Uses of Operator j in Study of A.C. Circuits

The operator j is defined as a quantity which is numerically equal to √ (-1) and which represents the rotation of a vector through 90 degree in anti clockwise direction. The above facts about j are helpful in studying the A.C. circuits. We know that in A.C. circuits, E_L and E_C always lie at 90 in anticlockwise and clockwise direction respectively with respect to ER. Hence total emf of a circuit having L, C, R will be
        E = E_R + jE_L – jE_C

Ordinarily a source of alternating e.m.f. E is denoted by E0 sin ωt.
This is actually the imaginary part of the complex form of alternating e.m.f.,
        E = E₀e^jωt
The instantaneous current in the A.C. circuit has been expressed as I = I₀ sin (ωt – Φ).

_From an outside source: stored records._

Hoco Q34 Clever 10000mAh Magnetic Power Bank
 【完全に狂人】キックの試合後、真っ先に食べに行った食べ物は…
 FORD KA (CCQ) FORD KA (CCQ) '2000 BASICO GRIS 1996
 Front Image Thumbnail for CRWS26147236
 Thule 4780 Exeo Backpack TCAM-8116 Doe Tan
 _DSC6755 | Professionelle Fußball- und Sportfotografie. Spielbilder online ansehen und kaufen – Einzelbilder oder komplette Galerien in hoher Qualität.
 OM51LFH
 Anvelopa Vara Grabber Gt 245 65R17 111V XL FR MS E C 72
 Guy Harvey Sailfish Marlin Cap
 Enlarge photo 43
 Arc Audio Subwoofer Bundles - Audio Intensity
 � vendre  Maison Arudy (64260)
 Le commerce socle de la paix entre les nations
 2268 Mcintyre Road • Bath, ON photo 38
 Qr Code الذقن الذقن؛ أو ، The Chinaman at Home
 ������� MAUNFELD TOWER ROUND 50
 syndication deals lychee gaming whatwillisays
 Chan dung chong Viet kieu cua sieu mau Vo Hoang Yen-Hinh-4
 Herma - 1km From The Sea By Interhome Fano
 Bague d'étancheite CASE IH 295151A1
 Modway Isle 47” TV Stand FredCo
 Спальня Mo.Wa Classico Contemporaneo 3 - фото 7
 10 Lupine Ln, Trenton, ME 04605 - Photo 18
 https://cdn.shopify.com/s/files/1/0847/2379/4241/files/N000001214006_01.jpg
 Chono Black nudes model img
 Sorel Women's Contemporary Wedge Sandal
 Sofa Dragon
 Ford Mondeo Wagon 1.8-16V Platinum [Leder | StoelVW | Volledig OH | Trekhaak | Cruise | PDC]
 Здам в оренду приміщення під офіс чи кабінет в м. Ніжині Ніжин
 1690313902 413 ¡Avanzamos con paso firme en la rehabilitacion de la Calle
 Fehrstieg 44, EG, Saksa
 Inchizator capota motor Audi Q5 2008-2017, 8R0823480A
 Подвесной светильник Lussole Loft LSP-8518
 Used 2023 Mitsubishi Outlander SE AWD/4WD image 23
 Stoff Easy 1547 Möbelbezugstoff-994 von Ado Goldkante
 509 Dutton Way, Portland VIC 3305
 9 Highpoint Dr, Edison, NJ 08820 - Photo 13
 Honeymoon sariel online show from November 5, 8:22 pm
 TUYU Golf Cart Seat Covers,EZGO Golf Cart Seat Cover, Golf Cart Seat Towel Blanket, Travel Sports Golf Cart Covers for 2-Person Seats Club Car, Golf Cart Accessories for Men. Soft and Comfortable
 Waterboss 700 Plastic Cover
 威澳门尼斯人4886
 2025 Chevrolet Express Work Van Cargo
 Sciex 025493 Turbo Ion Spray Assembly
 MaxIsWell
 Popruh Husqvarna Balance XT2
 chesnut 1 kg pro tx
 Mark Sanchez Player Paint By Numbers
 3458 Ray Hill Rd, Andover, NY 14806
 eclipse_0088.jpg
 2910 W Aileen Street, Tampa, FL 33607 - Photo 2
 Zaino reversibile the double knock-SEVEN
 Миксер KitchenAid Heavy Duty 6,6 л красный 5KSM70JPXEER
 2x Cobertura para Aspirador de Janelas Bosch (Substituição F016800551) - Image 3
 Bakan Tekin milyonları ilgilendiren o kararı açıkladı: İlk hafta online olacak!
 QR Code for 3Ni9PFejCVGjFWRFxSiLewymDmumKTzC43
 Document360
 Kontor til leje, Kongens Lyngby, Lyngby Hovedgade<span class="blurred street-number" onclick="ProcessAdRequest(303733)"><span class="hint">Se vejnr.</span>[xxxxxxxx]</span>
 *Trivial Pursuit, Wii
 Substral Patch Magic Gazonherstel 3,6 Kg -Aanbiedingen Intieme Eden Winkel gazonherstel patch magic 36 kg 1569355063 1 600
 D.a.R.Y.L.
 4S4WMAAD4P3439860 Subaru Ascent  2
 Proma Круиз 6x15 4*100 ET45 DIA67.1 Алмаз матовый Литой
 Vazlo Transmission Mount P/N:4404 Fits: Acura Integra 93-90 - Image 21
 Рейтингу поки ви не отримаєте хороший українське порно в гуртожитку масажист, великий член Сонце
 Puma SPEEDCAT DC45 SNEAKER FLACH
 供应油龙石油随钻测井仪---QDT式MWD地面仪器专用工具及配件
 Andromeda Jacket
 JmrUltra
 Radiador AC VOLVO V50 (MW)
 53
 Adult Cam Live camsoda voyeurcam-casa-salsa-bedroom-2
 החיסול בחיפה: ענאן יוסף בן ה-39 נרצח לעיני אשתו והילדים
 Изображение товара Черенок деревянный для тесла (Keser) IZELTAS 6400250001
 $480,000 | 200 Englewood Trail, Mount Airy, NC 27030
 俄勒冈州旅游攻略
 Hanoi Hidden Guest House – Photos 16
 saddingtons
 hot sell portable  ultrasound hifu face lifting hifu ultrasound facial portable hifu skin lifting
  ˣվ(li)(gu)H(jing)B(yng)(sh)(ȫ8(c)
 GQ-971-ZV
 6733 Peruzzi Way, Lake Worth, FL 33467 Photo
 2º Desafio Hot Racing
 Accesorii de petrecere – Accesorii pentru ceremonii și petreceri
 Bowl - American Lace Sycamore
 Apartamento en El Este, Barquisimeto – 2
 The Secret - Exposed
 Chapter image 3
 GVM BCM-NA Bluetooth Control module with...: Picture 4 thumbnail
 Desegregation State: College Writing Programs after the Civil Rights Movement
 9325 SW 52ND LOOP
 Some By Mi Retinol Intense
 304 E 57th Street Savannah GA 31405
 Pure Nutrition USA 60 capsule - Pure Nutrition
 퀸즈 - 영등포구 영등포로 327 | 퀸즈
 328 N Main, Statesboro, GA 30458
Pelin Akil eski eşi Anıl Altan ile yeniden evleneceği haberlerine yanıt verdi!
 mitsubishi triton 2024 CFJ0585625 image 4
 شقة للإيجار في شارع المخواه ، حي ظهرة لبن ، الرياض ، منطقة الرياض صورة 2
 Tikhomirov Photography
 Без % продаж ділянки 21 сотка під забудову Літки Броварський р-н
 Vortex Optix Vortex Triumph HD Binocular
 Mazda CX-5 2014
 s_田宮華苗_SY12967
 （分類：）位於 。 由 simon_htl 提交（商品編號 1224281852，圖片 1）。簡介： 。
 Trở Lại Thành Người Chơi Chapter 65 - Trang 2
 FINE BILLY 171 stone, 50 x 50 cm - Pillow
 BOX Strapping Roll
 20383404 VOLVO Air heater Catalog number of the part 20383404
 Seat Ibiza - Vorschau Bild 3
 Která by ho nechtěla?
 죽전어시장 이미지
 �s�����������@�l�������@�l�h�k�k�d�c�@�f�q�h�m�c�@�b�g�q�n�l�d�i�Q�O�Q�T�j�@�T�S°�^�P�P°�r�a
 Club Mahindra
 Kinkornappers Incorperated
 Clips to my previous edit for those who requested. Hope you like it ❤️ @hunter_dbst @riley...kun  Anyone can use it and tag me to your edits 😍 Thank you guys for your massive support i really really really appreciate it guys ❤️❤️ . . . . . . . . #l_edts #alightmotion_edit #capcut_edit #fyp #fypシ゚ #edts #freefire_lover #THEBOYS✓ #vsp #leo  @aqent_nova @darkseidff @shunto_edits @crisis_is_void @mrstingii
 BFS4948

This expression is the imaginary part of the complex current given by
        I = I₀e^{j(ωt – Φ)}
Since the voltage across the inductor leads the current passing through it by 90 degree, the inductive reactance ωL can be written as jωL Z_L = jω_L = jX_L.

Since the voltage across the capacitor lags the current passing through it by 90 degree, the capacitive reactance 1/ωC can be written as –j/ωC = 1/jωC. Z_C = 1/jωC = – j/ωC = - jXC.

A complex impedance can be written as the sum of a real term and imaginary term which are to be called resistance and complex reactance respectively,
        Z = R + jX
    Where X = X_L - X_C is the effective reactance in the circuit.